Ensemble Monte Carlo for III-V and Si n-channel FinFETs considering non-equilibrium degenerate statistics and quantum-confined scattering

Abstract

Particle-based ensemble semi-classical Monte Carlo (MC) methods employ quantum corrections (QCs) to address quantum confinement and degenerate carrier populations to model tomorrow's ultra-scaled MOSFETs. Here we present new approaches to quantum confinement and carrier degeneracy effects in a three-dimensional (3D) MC device simulator, and illustrate their significance through simulation of n-channel Si and III-V FinFETs. Original contributions include our treatment of far-from-equilibrium degenerate statistics and QC-based modeling of surface-roughness scattering, as well as considering quantum-confined phonon and impurity scattering in 3D. Typical MC simulations approximate degenerate carrier populations as Fermi distributions to model the Pauli-blocking (PB) of scattering to occupied final states. To allow for increasingly far-from-equilibrium non-Fermi carrier distributions in ultra-scaled devices, we instead generate the final-state occupation probabilities used for PB by sampling the local carrier populations as a function of energy and energy valley. This process is aided by the use of fractional carriers or sub-carriers, which minimizes classical carrier-carrier scattering. Quantum confinement effects are addressed through quantum-correction potentials (QCPs) generated from Schr\"odinger-Poisson solvers, as commonly done.

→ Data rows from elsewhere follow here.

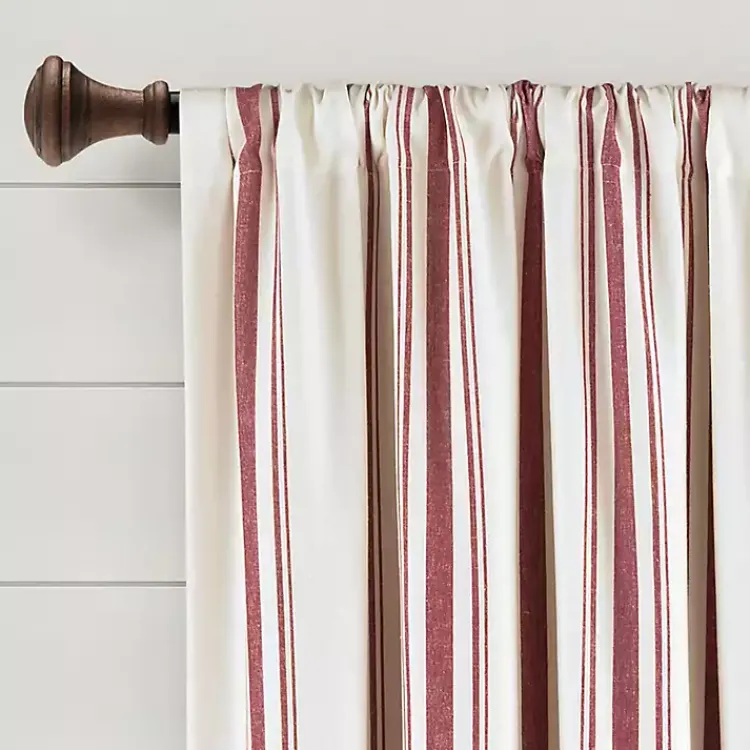 Curtains & Drapes-Kirklands Home Red Farmhouse Stripe Curtain Panels, Set of 2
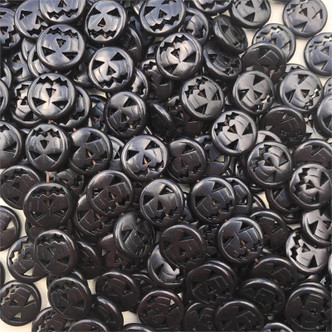 15mm Small Black Pumpkin Jack-o'-lantern Halloween Carved Magnesite Beads Per Strand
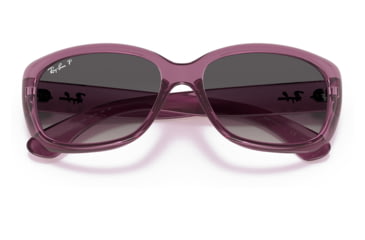 Image of Ray-Ban RB4101 Jackie Ohh Sunglasses - Womens, Transparent Violet Frame, Grey Gradient Lens, Polarized, 58, RB4101-6591M3-58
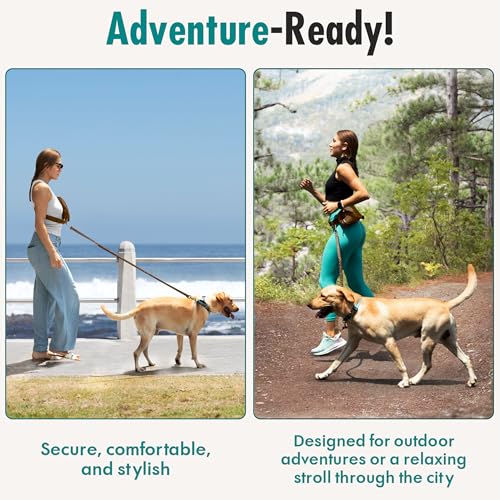Hands Free Dog Leash with Dog Treat Pouch - Stylish & Trendy Waist Leash for Dog Walking - Wear Around the Waist or Crossbody - Durable & Detachable - Shock Absorbing - Waste Bag Dispenser - color: Caramel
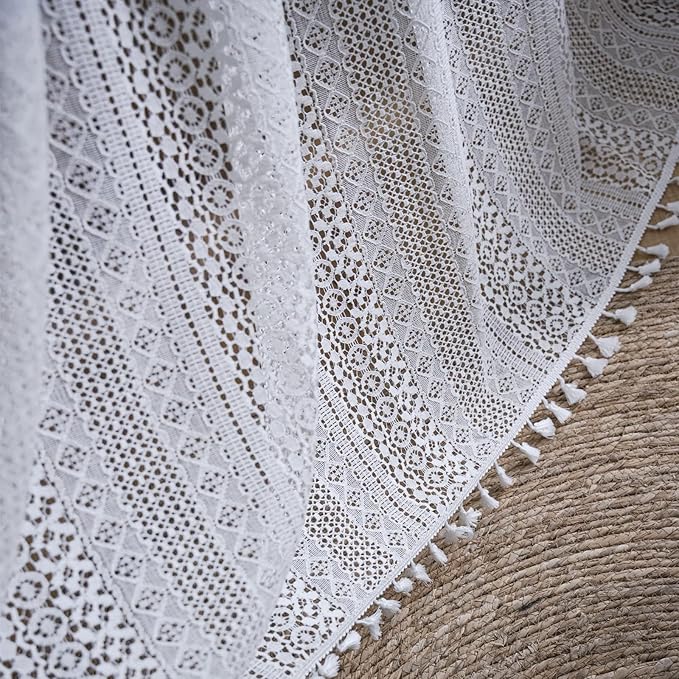 Sutuo Home Boho Curtains Crochet Lace Sheer Bohemian Stylish with Tassels, Window Treatment Privacy Vintage Rustic Farmhouse Drapes for Bedroom, Rod Pocket 1 Panel 59" W x 102" L, White
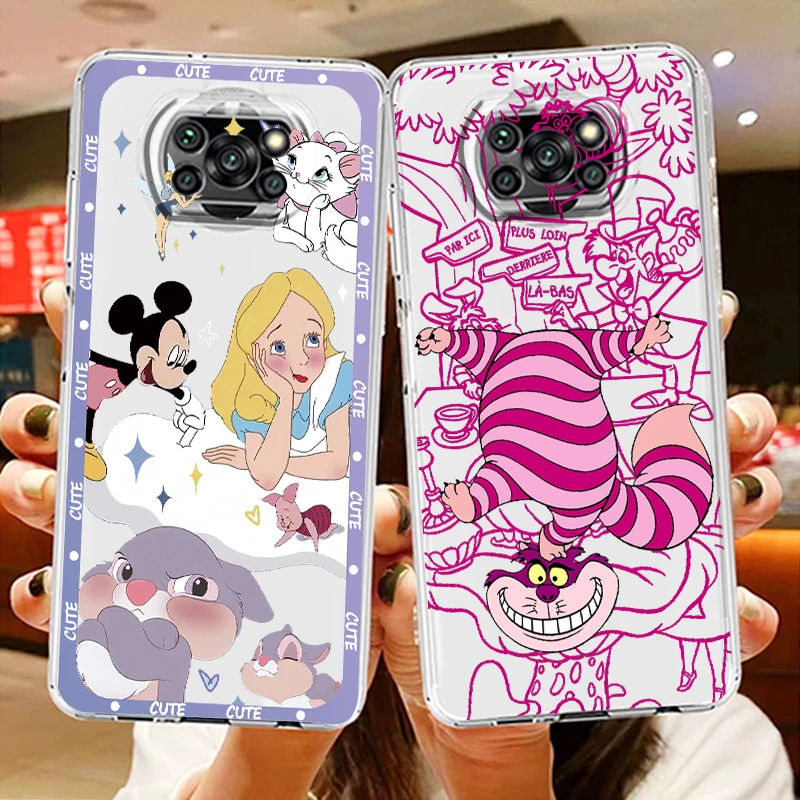 

Disney Alice Cheshire Cat Transparent Phone Case For Xiaomi Mi Poco X5 X4 X3 M5 M5S M4 M3 F5 F4 F3 F2 C40 Pro GT NFC 5G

However, we use our valley- and orientation-dependent QCPs not just to redistribute carriers in real space, or even among energy valleys, but also to calculate confinement-dependent phonon, impurity, and surface-roughness scattering rates. FinFET simulations are used to illustrate how, collectively, these quantum effects can substantially reduce and even eliminate otherwise expected benefits of In0.53Ga0.47As FinFETs over otherwise identical Si FinFETs, despite higher thermal velocities in In0.53Ga0.47As.